### STORED DATA

○ ○ ○

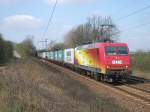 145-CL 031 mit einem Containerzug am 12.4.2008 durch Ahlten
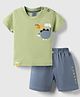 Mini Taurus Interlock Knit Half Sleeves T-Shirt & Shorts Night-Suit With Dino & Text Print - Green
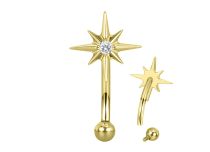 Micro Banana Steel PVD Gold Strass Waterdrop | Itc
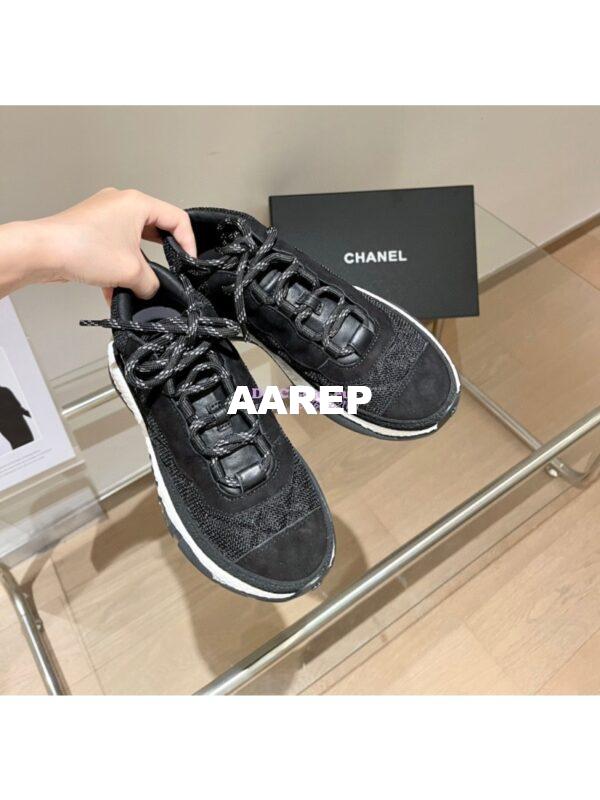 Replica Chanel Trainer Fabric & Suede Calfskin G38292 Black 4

○ ○ ○

### WHAT TO PRODUCE
Copy out every line of the data exactly, leaving the images behind.

### RESPONSE
 145-CL 031 mit einem Containerzug am 12.4.2008 durch Ahlten
 Mini Taurus Interlock Knit Half Sleeves T-Shirt & Shorts Night-Suit With Dino & Text Print - Green
 Micro Banana Steel PVD Gold Strass Waterdrop | Itc
 Replica Chanel Trainer Fabric & Suede Calfskin G38292 Black 4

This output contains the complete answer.